Fig. 2: Prototype of RF Transmitter
The antennas of height 17.25 cm are connected to pin 4 of the RF transmitter in transmitter section and pin 8 of RF receiver in the receiver section. The power supply to the circuits is provided by 9V batteries. In first and second phase of the experiment, single 9V batteries are used to power the circuits. In third phase of the experiment, two 9V batteries are connected in parallel to supply power to both the circuits. In fourth and final phase of the experiment, two 9V batteries are connected in series to supply power to both the circuits.
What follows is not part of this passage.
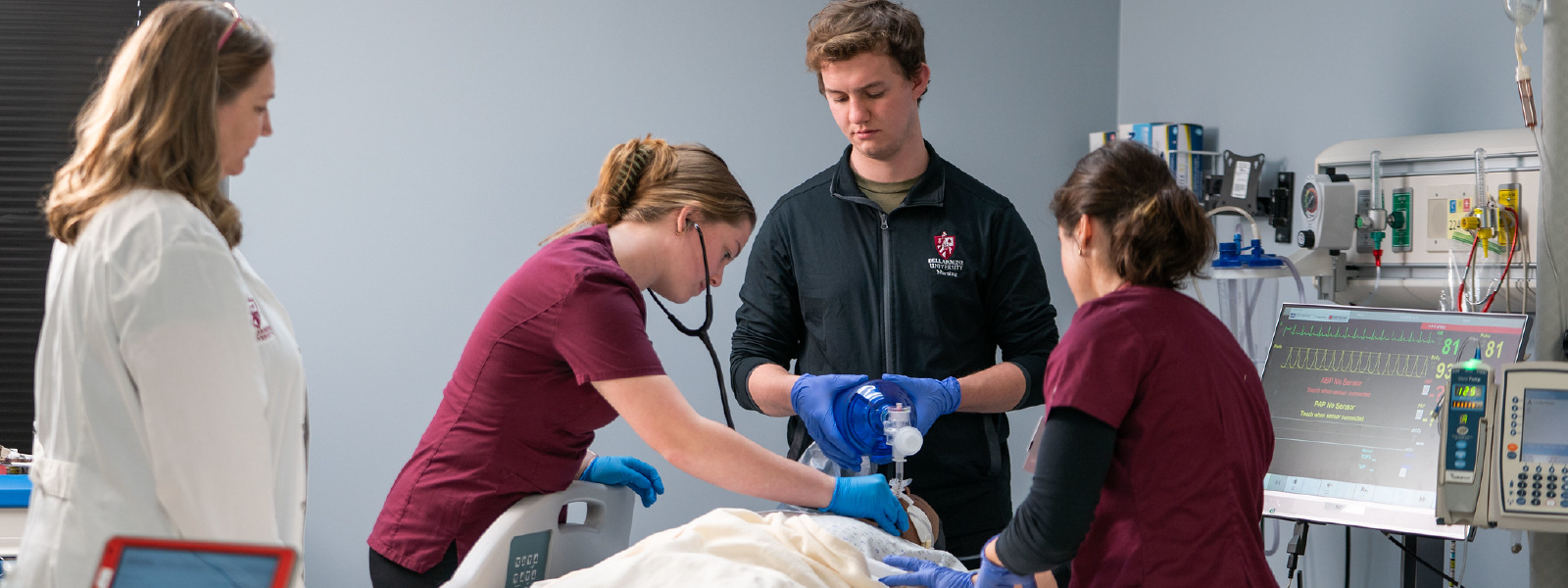 students learning nursing skills in a simulation lab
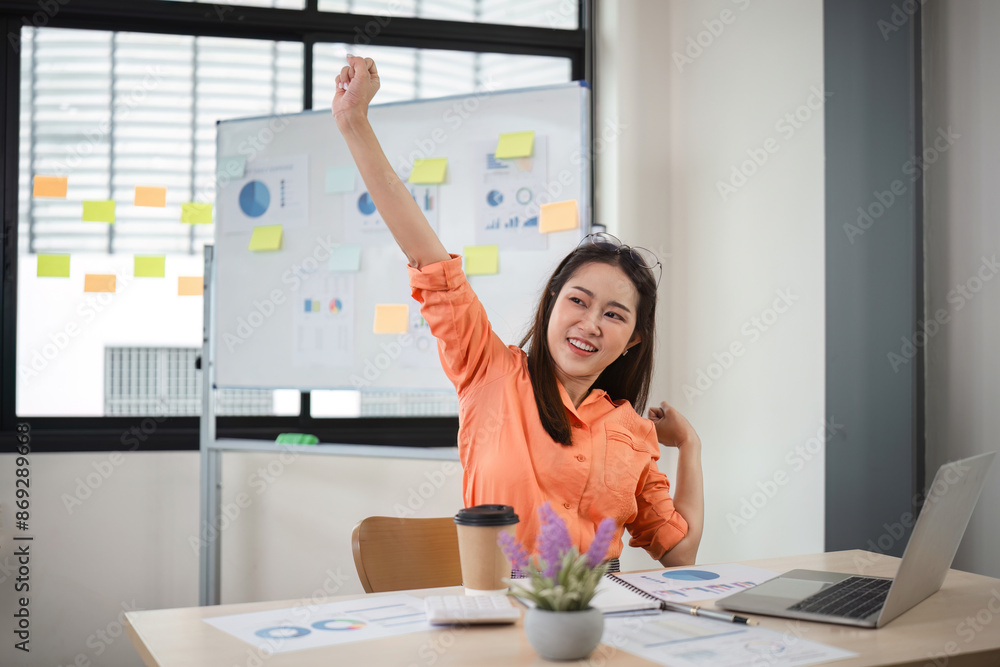 Young Businesswoman Working Relaxed in Modern Office with Charts and Sticky Notes on Whiteboard Young Businesswoman Working Relaxed in Modern Office with Charts and Sticky Notes on Whiteboard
The antennas are simple wires cut to lengths of 17.25 cm which is the quarter of the wavelength of the carrier wave of 434MHz RF module.
How the circuit works
The experiment is carried out in four phases. First the range of RF module is tested without antenna. The module is taken to an open place where straight distance between the transmitter and receiver can be measured using a tape. The distance between the transmitter and receiver is kept 10 metre and data bit is changed to test the reception of signal at the receiver section. The distance is increased by 10 metre in each subsequent test and the test is stopped when no change in data bit is reflected on the receiver section after a certain distance. In the first phase when RF module is used without antenna, the operational range of RF module is found to be 68 metre.
In second phase, antennas of standard height i.e. 17.25 cm are connected to both transmitter and receiver sections and both sections are powered by single 9V batteries. The range of RF module is again tested by increasing the distance between transmitter and receiver in increments of 10 metre and later for precise reading in increments of 1 metre, then changing the data bit for testing in each step. In the second phase when external antennas are attached and power transmission is kept constant to be 9V, the extended operational range of RF module is found to be 150 metre.
Fig. 3: Prototype of RF Receiver
In third phase, the power supply to the transmitter and receiver circuits is replaced with two 9V batteries connected in parallel to each section. On parallel connection of batteries, the current supplied to the circuit and the antennas is increased but the supply voltage is halved to 4.5V. Due to reduction in supply voltage, power transmission to the circuits and the antennas is reduced and the operational range of the RF module is also reduced. In third phase when parallel connected batteries supply power to the transmitter and receiver sections, the operational range of the module is found to be 100 metre.
In fourth phase, the transmitter and receiver sections are powered by two 9V batteries connected in series each. The series connection of batteries keeps the current supplied to the circuits and the antennas same but doubles the supply voltage to 18V. Due to increase in supply voltage, power transmission to the antennas is increased and the operational range of the RF module is also increased. In the fourth and final phase of the experiment when serially connected batteries power both the sections, the operational range of the RF module is found increased to 300 metre.
|a.||Constant Power Supply without Antenna (9V)||68 m|
|b.||Constant Power Supply with Antenna ( 9V + Antenna )||150m|
|c.||Variable Power Supply without Antenna ( Two 9V Batteries in parallel )||100m|
|d.||Variable Power Supply with Antenna ( Two 9V Batteries in parallel + Antenna )||300m|
The experiment shows that the power transmission to the antennas can be increased by increasing the supply voltage. The operational range of the RF module is directly proportional to power transmission. It can be doubled by doubling the supply voltage.